Europe''s economic and monetary union (EMU) has been the single most important policy-induced innovation in the international financial system since the collapse of the Bretton Woods system. It has removed exchange rate risk and lowered cross-border transaction costs, opening the possibility for the creation of a fully integrated continental financial market comparable to that of the United States.
But to what extent has this process of regulatory reform affected the ability of households to diversify, insure and shoulder risks? These researchers address this question by studying the effect of the euro on the behaviour of Italian households. The conclusion of their study is not pretty: they find that EMU has not had any significant impact on the ability of consumers to reduce the impact of income shocks.
In theory, the process of financial market integration should improve the ability of consumers to maintain their living standards unchanged in the face of shocks and increase opportunities for sharing risks. First of all, integration spurs the efficiency of financial intermediaries and markets in countries where the financial system is more backward and more heavily regulated (as was Italy before EMU).
This fosters the growth of domestic financial markets and the entry of foreign banks – and should improve households'' access to credit. As a result, country-specific shocks should have a smaller effect on consumption when international financial markets are integrated, since they can be diversified away by borrowing abroad or holding foreign assets. At the same time, easier access to credit should help domestic borrowers to buffer specific shocks to their incomes.
Jappelli and Pistaferri''s result that the introduction of the euro has not produced significant changes in consumption-smoothing opportunities in Italy signals that financial integration remains a work in progress for the euro area.
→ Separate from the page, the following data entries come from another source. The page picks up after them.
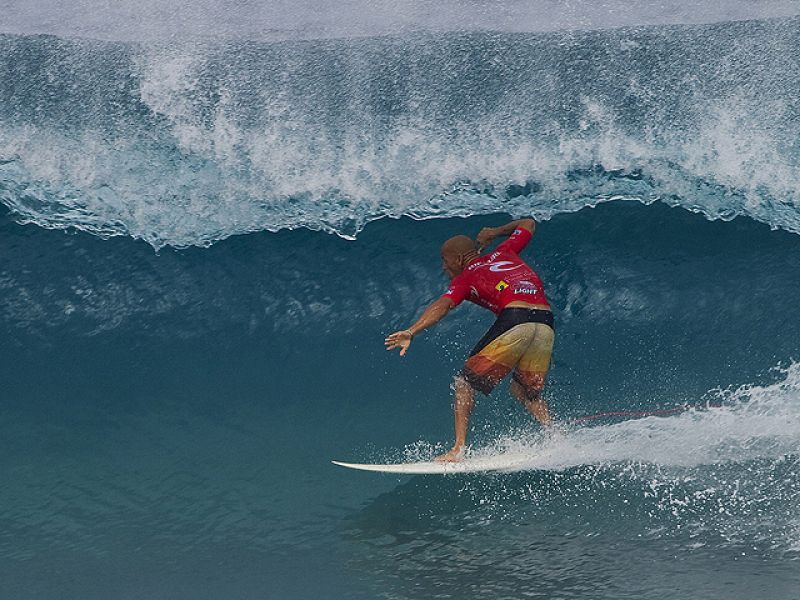 Kelly Slater, el mejor surfista de todos los tiempos, ha logrado un nuevo título mundial, el décimo de su carrera.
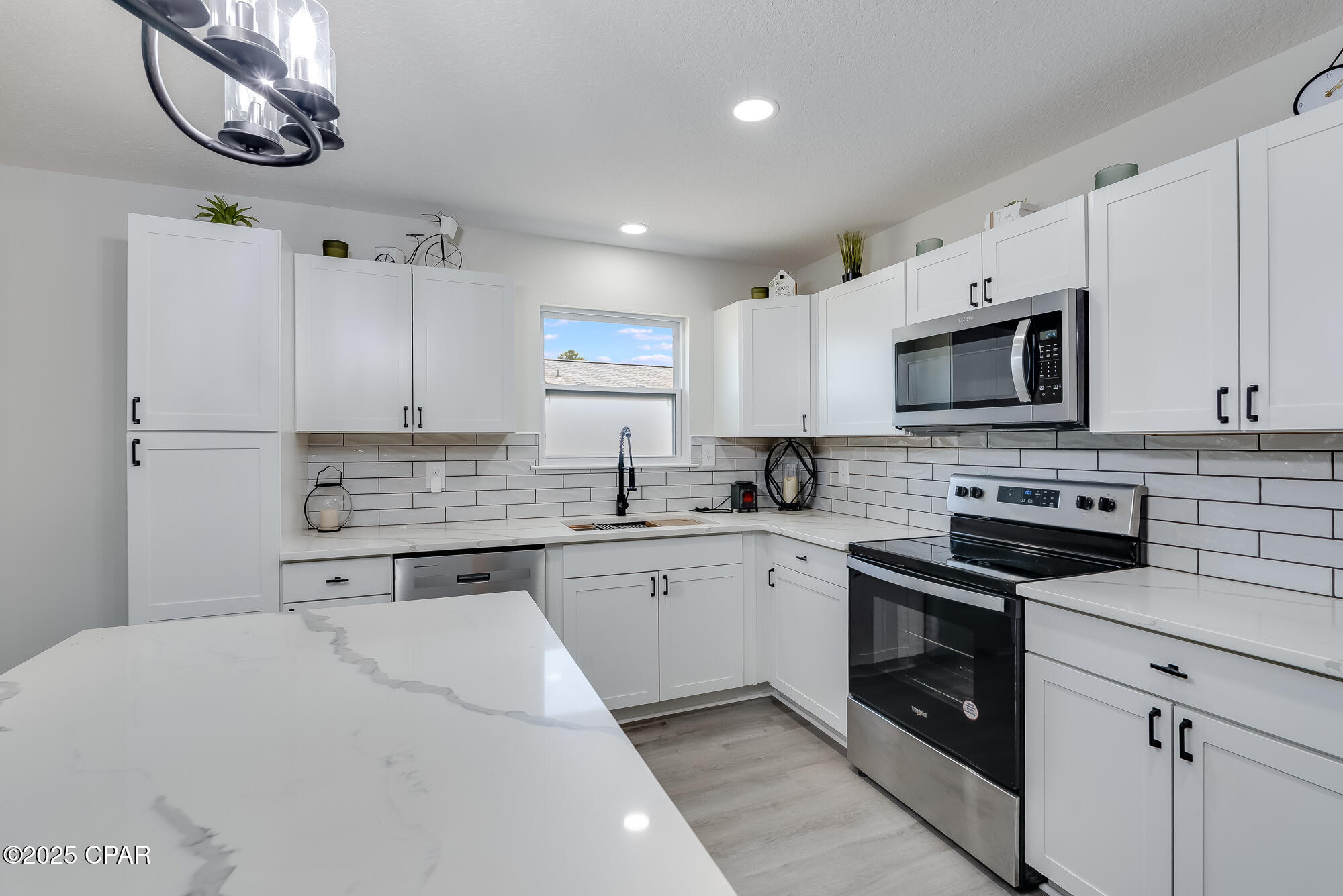 4643 Falcon Way Crestview, FL 32539 - Photo 9 of 32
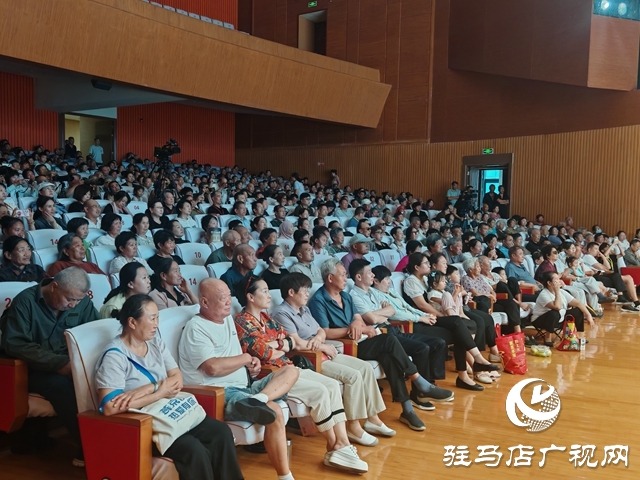 黃河戲劇節(jié)好戲連臺(tái) 豫劇《穆桂英掛帥》燃情上演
While integration has progressed substantially since, and in part owing to, the introduction of the euro, many markets are still fragmented and the pace of integration varies among member states.
Indeed, the effect of financial market integration is quite visible in the European bond markets, and there is some evidence of increased integration of equity markets, with a decline in ''home bias'', although important institutional barriers remain.
Credit markets, by contrast, have integrated at a slower pace, reflecting in part the informational advantage enjoyed by local lenders as well as differences in taxes, labour regulation and financial regulation. Further progress towards credit market integration is necessary to feel the benefits of integration and its effect on consumption smoothing.''Financial Integration and Consumption Smoothing'' by Tullio Jappelli and Luigi Pistaferri is published in the June 2011 issue of the Economic Journal.